Choir Concert

 

STAND ALONE FORUMS

 

Stand Alone Honors Forums are not tied to clusters. They are great little two credit deals that can fill out a schedule in an interesting way and help students meet like-minded peers. The Forums are interdisciplinary.

 

The stand-alones for Fall 2008 are:

  • HON 221/421: Louis Henkin & Human Rights

  • Suzanne Wilhelm
    Innovative Thinkers
    Louis Henkin, the ‘father of human rights’, has shaped western thought on human rights and international law since WWII. His sees his approach to these concepts in terms of a revolution because he argues that human rights and international law are not just about nations interacting, but also how they treat individuals, an idea that is still scandalous in the international law community. He expects examination of these ideas from many angles: legal, political science, labor ethics, and economics. The class would begin with basic international law principles and Henkin’s idea of human rights (first through his text How Nations Behave)—what they are (should be) and how (if) the international community protects those rights.

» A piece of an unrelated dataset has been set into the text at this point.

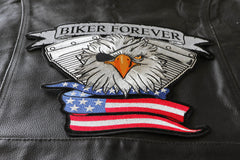 Biker Forever Eye Patch Eagle Patch - 12x10 inch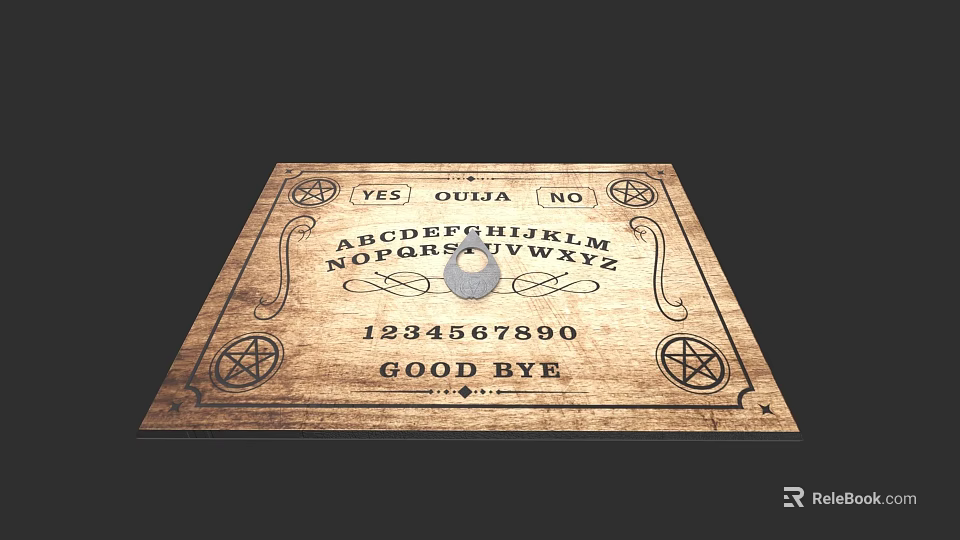 Wooden Ouija Board With Letters Numbers YES NO And Pentagram Symbols 3d model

  • HON 222/422: Sex, Culture and Conflict

  • Andrea Birkby
    Intellectual Foundations 
    Jane Goodall’s theories about human evolution were initially contradictory to what people wanted to believe about human beings (i.e., we are unique as a species), but has now come full circle. Her work with chimpanzees has shown that we are not all that unique and we are in fact (in surprising ways) pretty similar to chimpanzees (and all primates). Her work has become rather fundamental to some of what we now know regarding our own evolution. We will examine these questions in terms of biology, anthropology, psychology, and theory in general, as well as other possible disciplines that the students would like to bring to the discussions. Some of the texts that will be considered are: Goodall’s Through a Window; then, some relatively new texts providing new (foundational?) theories: Dale Peterson and Goodall’s Demonic Males, and Frans de Waal’s work on non-reproductive uses of sex within bonobo society.

     

     

    HON 223/423: Disney: Man, Mouse or Machine

  • Michele Malach
    Multidisciplinary Perspectives
    Who or what is "Disney"? For some, it symbolizes an adorable cartoon mouse, star of film, TV, his own club, and theme parks. For others it symbolizes a man who created an empire /corporation that is omnipresent in the American public's mind and world corporations. So who or what is "Disney"? This course will present an inquiry into this phenomenon of American business and economics, pop culture, the media, historiography, gender theory, and even literary theory. Students also will be expected to bring their own experiences with this phenomenon in order to ask questions about who or what "Disney" represents to them, especially within their own field of study.

     
    HON 223/423: The Ontology of Leadership

  • Chuck Yoos
    Multidisciplinary Perspectives
    What does it take to be a leader? Can one be a leader? What is leadership? Is there such a thing as leadership? Ontology in general looks at questions of who we are and what is real: the study of the nature of being. Leadership is one such level of "being" that may exist in the world today. And the term "leadership" is a label everybody uses, but no one can define in a valid, intersubjective way. Students will address, evaluate, and attempt to synthesize possible meanings of "leadership". In part, students will inquire into the meaning of leadership by considering several questions, for example: is leadership best thought of as something real, to be discovered as true, or something imaginary, to be invented as useful.